The Merriam-Webster’s Collegiate® Dictionary, Eleventh Edition defines resilience as, “an ability to recover from or adjust easily to misfortune or change.” Reivich and Shatte identify four uses for resilience. Many individuals must call on their reserves of resilience to overcome the negative experiences of their childhood. Abuse, divorce, poverty, and neglect can weigh heavy on those who have experienced any of them during childhood. Resilience helps to contain the damage of these experiences and help the individual live the life they want. Resilience also helps us steer through the everyday stresses and hassles that fill modern life. A third use of resilience is to help us bounce back from adverse events such as job loss, divorce, a death in the family. We can become either helpless or resigned to our fate or can use our internal resources to bounce back. Finally, resilience helps us reach out into the world and find renewed purpose and meaning in life. This allows us to achieve what we are capable of.

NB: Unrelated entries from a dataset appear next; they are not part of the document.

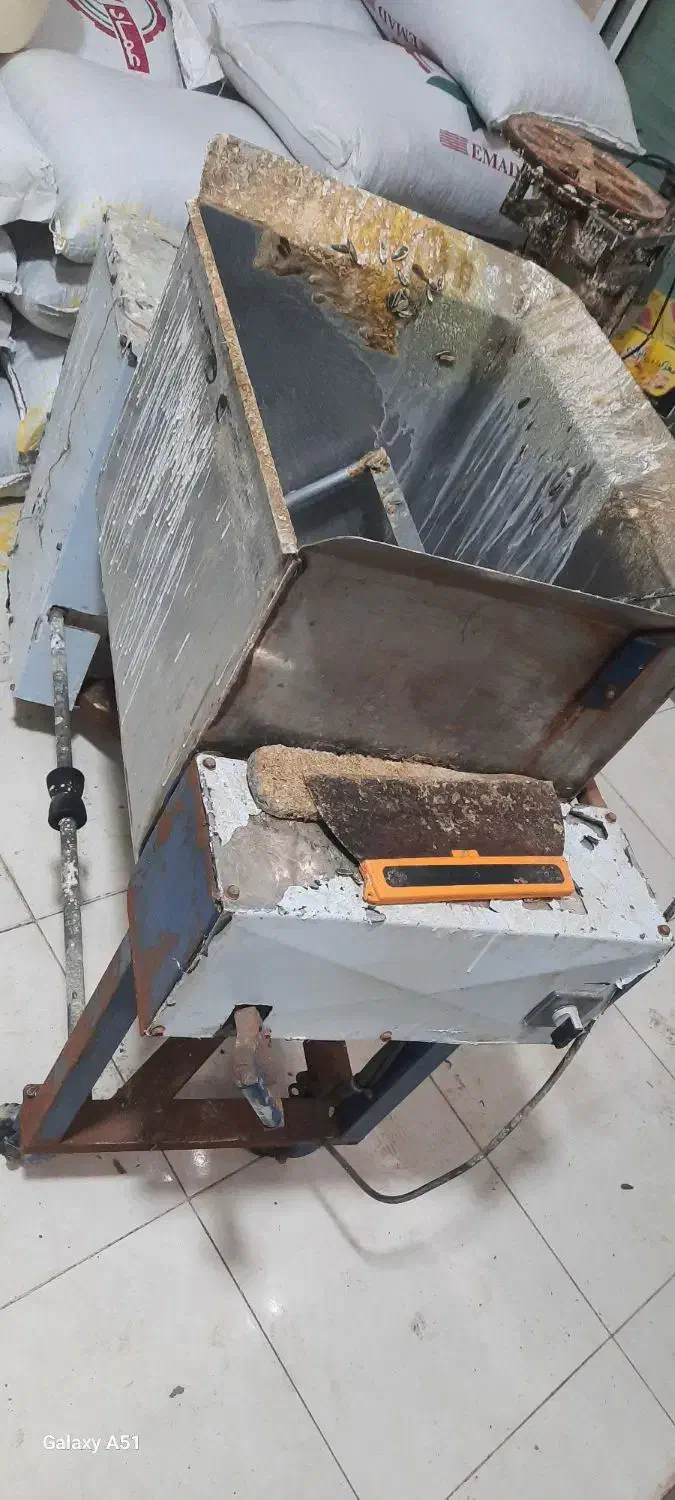 دستگاه تفت آجیل|ماشین‌آلات صنعتی|مشهد, چهارچشمه|دیوار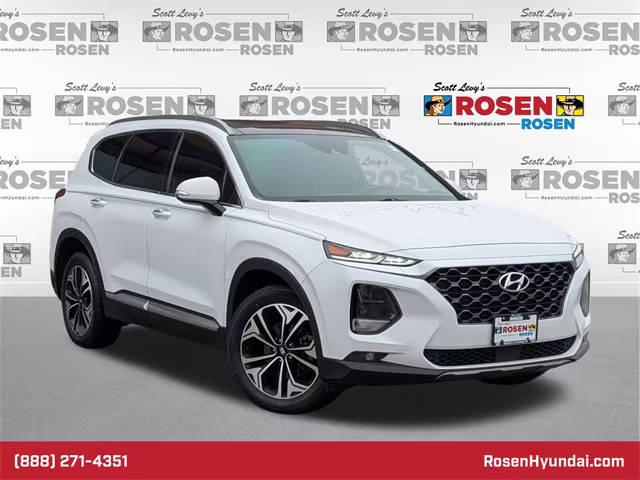 2020 Hyundai Santa Fe SEL FWD photo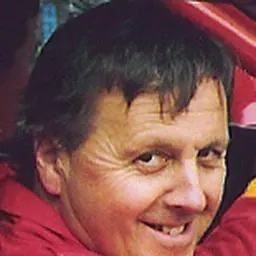 Portrait of Jimmy McRae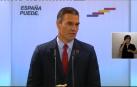 Vídeo | Sánchez: "No tenemos otra opción que superar las dificultades unidos"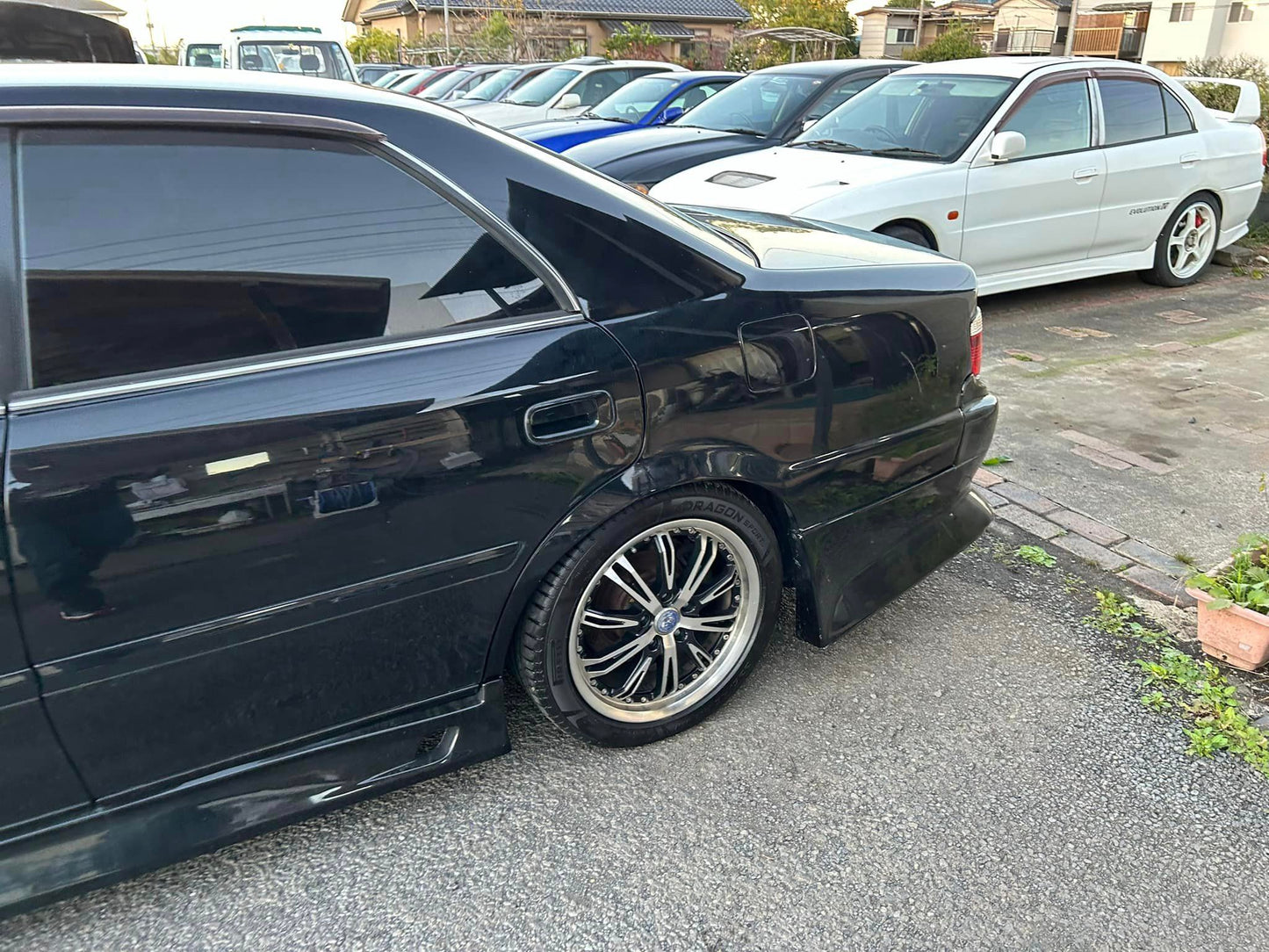 1999 Toyota Chaser JZX100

Martin Seligman, in Learned Optimism (1990) determined that resilience skills can be learned. While we cannot change the events of our past or the world around us, we can change the way we think about those events. One of the ways we can start changing our resilience mindset is to be more realistic in our thinking. By accurately assessing one’s own strengths, identifying the true causes of problems and evaluating oneself and others, we get a truer picture of the events unfolding around us and our level of control over those events.
We all need resilience, but leaders in particular need to understand how resilience – or change-readiness – can make them and their organizations successful over time. Leaders need to understand how to develop resilience in their teams and in their organizations as well as cultivating their own ability to bounce back from change and challenge.